I bet I’m missing something really dumb here.
Thanks in any case, I think I can manage learning what I need w/o any paid courses, at least for now. (:
Your right. Sorry you can’t edit engine files as far as i’m aware unless you get the source code from GitHub. The complier won’t complie engine files.
The ideal way todo this is to create a child class of the wheel file then making your changes there.
Then create your own seperate vairable which you can edit in blueprints that then writes over the default value assigned in the parents class.

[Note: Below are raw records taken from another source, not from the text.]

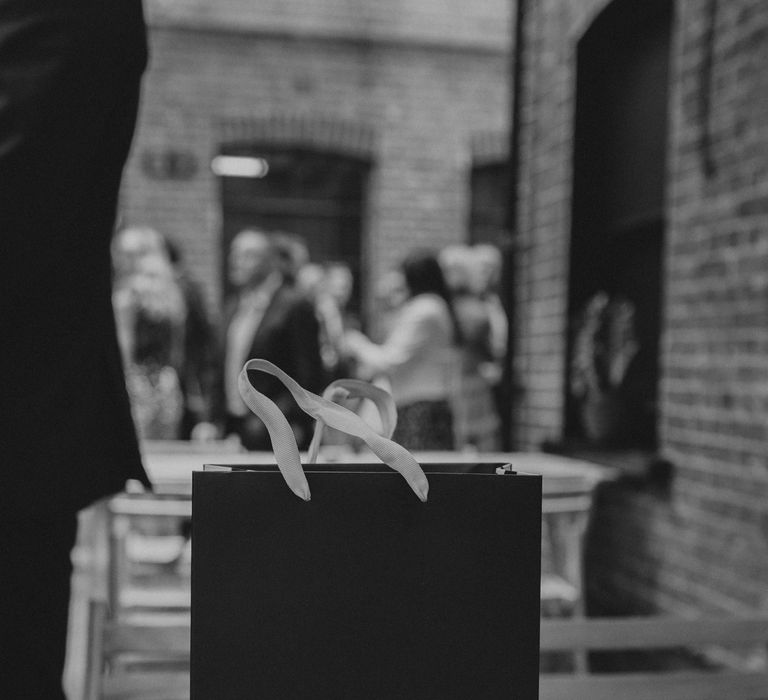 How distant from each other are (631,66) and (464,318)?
1.61 meters

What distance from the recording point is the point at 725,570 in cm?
279

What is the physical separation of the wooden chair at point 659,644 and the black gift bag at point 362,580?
417mm

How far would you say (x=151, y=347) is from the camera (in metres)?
5.13

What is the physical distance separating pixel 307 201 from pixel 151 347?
10.8 ft

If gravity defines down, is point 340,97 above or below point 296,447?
above

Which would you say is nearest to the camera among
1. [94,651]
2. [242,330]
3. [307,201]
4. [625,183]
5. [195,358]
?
[94,651]

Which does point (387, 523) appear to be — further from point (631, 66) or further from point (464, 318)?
point (464, 318)

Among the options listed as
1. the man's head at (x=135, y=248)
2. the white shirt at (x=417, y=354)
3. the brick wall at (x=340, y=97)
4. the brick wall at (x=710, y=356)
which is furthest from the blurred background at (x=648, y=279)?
the brick wall at (x=340, y=97)

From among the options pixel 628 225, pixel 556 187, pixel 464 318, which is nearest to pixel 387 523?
pixel 628 225

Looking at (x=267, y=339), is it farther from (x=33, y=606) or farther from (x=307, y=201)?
(x=307, y=201)

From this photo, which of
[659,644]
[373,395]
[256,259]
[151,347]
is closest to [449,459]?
[659,644]

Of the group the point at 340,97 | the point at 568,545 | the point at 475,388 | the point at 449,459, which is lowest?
the point at 568,545

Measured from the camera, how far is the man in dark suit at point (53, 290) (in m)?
1.25

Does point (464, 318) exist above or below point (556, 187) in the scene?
below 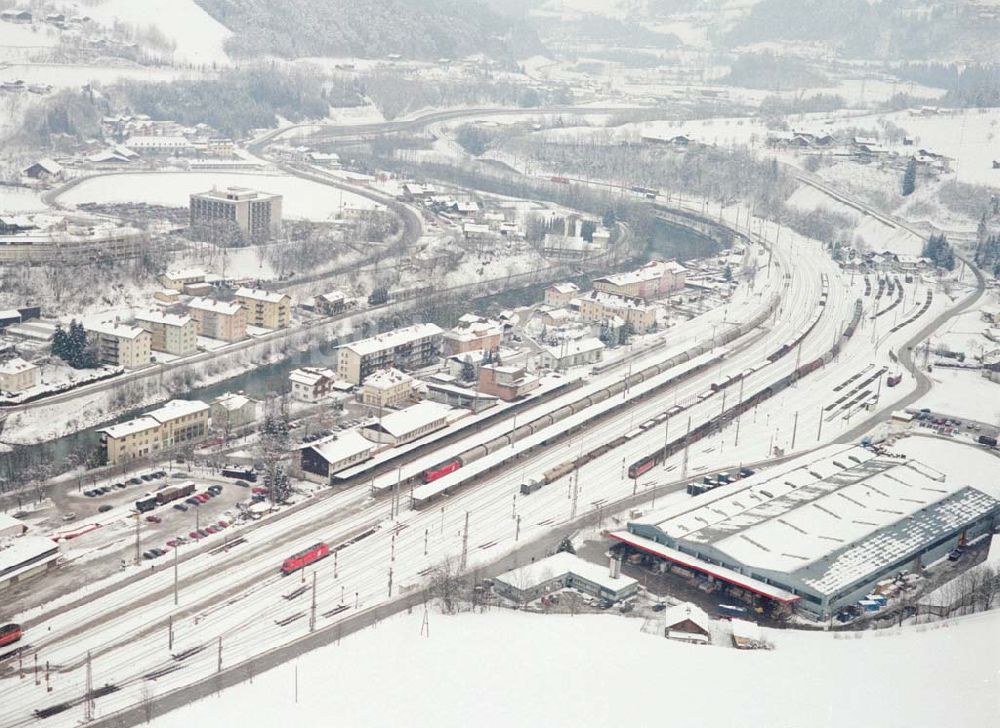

However i’m not sure if you can write over the default value assigned in the parent class unless that class has a setter function for that particular variable that you can use.
And as such you might need to download the source code from GitHub to make your changes. or rebuild said class from scratch.
Oh, I was convinced that UE4 comes w/ built-in access to its source code.
I thought about creating a child class, but if C++ has the same OO principals as other languages - I don’t think I should be able to change a UCOMPONENT’s access level in an inheriting object.
A setter was my initial approach, but I then found some post of someone saying that all he did was to add BlueprintReadWrite to the component’s signature - and it just worked (exposing this variable to be edited via BP). So I thought I’ll give it a go.
Source code it is, then. I’ll see if anything behaves differently when I try using the source from GitHub.